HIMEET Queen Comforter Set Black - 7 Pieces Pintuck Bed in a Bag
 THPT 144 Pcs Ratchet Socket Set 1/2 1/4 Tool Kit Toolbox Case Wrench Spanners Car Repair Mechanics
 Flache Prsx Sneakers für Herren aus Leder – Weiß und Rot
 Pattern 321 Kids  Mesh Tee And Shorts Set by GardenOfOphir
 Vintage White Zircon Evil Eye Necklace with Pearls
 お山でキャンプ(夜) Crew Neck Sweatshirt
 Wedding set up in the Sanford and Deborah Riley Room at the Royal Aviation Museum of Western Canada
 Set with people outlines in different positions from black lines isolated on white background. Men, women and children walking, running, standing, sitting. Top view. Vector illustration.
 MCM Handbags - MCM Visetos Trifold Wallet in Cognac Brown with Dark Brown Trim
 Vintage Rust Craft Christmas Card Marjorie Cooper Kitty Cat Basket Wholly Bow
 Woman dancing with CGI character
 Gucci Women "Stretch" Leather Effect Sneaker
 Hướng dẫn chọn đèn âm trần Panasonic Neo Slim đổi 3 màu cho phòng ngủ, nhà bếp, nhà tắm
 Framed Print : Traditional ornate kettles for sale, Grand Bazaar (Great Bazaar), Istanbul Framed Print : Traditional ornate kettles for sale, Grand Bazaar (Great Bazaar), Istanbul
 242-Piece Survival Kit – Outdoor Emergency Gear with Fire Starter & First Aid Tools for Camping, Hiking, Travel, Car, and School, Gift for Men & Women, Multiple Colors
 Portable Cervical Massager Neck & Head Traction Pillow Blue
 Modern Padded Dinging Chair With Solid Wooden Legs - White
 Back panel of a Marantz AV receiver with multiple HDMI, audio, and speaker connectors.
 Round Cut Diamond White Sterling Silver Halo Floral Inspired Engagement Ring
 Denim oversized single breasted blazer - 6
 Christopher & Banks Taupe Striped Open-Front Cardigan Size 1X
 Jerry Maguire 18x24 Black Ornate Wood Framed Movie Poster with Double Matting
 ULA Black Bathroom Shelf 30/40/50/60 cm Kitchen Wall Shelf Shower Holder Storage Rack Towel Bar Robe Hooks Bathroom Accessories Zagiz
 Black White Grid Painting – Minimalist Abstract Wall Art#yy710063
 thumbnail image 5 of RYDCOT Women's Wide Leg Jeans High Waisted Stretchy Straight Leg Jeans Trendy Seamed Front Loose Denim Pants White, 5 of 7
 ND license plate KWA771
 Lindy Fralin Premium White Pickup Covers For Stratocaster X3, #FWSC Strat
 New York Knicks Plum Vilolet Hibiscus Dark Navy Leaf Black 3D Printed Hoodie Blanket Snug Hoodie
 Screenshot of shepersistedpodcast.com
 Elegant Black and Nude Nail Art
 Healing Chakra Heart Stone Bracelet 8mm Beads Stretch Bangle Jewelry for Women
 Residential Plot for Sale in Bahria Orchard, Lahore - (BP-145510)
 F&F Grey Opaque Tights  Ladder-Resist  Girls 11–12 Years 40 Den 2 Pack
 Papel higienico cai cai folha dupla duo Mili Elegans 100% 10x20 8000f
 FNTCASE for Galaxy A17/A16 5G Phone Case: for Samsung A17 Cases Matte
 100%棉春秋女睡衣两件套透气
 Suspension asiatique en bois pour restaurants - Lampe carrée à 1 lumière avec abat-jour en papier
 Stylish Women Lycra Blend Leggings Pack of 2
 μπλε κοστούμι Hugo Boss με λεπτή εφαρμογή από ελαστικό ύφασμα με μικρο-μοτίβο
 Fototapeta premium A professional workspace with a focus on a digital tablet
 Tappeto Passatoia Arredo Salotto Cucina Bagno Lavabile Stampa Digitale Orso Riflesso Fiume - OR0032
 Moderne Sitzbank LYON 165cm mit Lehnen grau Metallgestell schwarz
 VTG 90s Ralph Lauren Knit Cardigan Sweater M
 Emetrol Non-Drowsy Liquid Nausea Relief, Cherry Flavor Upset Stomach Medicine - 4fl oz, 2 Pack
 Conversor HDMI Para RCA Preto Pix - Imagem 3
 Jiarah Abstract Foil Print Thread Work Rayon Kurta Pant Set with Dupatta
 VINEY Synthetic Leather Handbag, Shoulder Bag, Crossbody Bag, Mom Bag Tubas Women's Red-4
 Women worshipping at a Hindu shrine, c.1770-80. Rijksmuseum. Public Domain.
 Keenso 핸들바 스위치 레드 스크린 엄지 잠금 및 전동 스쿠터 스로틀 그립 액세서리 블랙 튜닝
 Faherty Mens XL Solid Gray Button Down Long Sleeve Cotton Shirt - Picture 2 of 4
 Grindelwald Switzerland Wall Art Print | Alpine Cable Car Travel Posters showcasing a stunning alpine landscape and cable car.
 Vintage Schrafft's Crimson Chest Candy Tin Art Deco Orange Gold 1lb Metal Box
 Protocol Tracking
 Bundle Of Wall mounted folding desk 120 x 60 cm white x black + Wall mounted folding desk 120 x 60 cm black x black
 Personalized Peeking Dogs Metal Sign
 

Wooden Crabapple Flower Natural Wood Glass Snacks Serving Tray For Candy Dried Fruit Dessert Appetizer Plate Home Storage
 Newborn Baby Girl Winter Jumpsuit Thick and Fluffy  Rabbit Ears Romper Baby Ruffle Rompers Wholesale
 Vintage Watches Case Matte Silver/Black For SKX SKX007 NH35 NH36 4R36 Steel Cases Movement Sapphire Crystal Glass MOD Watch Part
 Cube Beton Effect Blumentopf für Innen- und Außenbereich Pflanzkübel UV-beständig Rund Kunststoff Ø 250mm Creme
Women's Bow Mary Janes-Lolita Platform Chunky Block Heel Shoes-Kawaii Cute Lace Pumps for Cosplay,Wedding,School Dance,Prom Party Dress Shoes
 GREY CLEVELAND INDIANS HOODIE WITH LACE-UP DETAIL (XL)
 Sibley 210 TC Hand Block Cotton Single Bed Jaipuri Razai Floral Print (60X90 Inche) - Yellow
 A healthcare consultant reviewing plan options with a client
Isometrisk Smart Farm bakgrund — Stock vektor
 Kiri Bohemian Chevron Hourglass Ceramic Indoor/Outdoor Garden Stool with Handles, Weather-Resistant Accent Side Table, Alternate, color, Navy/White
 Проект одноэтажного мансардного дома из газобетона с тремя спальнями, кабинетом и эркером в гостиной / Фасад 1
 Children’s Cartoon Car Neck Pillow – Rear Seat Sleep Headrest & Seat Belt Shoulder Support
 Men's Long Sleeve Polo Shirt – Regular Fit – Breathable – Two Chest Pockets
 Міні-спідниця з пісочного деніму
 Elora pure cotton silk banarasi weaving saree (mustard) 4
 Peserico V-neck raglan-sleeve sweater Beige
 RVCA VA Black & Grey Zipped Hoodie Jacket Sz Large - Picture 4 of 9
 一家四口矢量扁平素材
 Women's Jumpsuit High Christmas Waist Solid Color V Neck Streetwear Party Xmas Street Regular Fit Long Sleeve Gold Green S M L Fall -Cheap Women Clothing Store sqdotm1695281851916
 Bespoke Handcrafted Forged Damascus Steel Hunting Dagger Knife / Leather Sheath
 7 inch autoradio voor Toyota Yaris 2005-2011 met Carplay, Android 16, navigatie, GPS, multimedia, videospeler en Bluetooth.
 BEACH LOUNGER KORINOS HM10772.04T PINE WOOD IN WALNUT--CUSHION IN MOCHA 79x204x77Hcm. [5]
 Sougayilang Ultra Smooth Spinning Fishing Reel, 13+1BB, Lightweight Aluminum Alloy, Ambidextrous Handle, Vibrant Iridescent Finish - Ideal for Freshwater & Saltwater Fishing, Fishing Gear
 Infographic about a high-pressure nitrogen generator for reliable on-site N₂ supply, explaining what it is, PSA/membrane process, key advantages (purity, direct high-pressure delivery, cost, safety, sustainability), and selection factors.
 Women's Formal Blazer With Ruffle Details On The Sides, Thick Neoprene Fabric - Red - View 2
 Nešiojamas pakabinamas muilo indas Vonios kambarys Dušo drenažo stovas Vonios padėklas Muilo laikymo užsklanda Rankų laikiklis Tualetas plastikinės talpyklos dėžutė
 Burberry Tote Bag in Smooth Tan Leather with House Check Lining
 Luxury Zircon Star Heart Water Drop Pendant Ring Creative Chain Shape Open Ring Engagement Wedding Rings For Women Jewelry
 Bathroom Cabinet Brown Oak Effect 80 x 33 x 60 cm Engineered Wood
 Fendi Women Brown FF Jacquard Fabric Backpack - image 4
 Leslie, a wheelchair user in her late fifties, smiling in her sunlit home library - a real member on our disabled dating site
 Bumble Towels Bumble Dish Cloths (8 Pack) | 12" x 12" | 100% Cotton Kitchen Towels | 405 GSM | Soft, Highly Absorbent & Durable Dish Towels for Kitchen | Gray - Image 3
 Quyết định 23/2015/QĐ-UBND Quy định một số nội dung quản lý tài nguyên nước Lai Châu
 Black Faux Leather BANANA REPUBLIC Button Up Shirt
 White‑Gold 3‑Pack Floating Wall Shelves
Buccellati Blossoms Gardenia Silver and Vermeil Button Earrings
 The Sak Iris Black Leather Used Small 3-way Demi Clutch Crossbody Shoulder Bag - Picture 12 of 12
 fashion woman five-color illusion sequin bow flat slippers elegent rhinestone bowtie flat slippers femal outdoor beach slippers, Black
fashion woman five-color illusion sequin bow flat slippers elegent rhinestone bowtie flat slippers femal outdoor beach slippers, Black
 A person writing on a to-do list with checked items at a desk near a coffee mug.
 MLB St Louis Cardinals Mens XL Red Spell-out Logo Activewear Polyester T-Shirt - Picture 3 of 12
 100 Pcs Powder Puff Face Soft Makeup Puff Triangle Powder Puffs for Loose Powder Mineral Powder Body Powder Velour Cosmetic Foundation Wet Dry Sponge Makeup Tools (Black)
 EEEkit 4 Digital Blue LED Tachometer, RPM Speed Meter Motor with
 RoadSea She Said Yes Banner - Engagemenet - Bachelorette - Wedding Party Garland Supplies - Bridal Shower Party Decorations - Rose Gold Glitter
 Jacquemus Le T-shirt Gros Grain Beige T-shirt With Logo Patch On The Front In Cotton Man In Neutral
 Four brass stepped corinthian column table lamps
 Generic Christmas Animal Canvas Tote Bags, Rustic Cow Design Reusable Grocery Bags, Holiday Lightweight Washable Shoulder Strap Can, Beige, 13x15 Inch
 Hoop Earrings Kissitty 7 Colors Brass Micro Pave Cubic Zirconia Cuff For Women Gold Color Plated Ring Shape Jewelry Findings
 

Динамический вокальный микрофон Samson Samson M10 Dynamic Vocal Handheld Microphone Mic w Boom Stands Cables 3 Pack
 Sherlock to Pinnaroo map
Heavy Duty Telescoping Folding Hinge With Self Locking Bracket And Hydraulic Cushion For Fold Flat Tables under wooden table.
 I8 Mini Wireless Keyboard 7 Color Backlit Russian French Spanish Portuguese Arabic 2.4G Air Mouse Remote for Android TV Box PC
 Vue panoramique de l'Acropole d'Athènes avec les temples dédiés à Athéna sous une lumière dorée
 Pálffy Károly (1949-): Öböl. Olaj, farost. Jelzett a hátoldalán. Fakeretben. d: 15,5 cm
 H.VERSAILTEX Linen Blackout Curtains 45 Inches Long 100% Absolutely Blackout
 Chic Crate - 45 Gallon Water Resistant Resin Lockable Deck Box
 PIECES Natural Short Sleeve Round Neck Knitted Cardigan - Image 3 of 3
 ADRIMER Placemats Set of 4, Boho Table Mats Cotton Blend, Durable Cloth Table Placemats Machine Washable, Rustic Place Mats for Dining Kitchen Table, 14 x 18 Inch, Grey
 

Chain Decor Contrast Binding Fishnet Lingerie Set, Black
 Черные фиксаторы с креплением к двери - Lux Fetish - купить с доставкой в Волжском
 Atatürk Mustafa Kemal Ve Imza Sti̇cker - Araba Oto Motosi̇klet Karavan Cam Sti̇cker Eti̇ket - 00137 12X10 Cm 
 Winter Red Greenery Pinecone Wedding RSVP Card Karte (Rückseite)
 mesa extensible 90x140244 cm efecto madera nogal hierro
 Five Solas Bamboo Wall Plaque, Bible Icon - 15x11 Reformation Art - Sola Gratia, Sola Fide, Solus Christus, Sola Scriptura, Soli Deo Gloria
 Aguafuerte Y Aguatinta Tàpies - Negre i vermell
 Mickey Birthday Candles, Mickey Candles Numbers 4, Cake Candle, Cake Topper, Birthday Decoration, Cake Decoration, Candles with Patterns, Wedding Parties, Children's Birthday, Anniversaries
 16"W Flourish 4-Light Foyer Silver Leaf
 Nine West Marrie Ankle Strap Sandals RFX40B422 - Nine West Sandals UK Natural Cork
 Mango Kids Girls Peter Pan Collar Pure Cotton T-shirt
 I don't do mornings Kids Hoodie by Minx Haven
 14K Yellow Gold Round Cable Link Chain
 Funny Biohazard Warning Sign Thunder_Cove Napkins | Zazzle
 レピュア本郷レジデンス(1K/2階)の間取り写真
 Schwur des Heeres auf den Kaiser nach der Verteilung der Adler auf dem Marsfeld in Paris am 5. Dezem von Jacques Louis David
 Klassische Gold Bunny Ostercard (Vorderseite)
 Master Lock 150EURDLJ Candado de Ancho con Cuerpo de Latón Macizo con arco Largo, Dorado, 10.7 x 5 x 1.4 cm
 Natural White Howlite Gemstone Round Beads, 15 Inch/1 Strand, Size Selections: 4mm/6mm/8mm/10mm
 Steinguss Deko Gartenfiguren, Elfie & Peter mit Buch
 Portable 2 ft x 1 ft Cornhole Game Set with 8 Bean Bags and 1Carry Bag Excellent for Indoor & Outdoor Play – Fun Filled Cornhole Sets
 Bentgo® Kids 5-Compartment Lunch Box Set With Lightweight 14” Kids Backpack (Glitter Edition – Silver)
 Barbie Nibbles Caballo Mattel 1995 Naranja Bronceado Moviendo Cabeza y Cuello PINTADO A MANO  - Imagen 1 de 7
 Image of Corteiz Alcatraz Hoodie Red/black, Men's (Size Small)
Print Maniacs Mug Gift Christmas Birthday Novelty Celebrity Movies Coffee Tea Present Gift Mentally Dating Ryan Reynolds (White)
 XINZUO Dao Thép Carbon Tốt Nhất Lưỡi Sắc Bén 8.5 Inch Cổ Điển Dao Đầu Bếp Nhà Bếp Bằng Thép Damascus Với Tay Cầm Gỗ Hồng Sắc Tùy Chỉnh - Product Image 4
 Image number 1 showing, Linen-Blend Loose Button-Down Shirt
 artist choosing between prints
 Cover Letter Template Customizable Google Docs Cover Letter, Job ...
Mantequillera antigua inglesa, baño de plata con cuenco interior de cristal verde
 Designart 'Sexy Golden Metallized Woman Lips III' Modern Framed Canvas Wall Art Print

- Exercise -
Return every line from the entries above that includes the word "Blend".

- Response area -
 Stylish Women Lycra Blend Leggings Pack of 2
 ADRIMER Placemats Set of 4, Boho Table Mats Cotton Blend, Durable Cloth Table Placemats Machine Washable, Rustic Place Mats for Dining Kitchen Table, 14 x 18 Inch, Grey
 Image number 1 showing, Linen-Blend Loose Button-Down Shirt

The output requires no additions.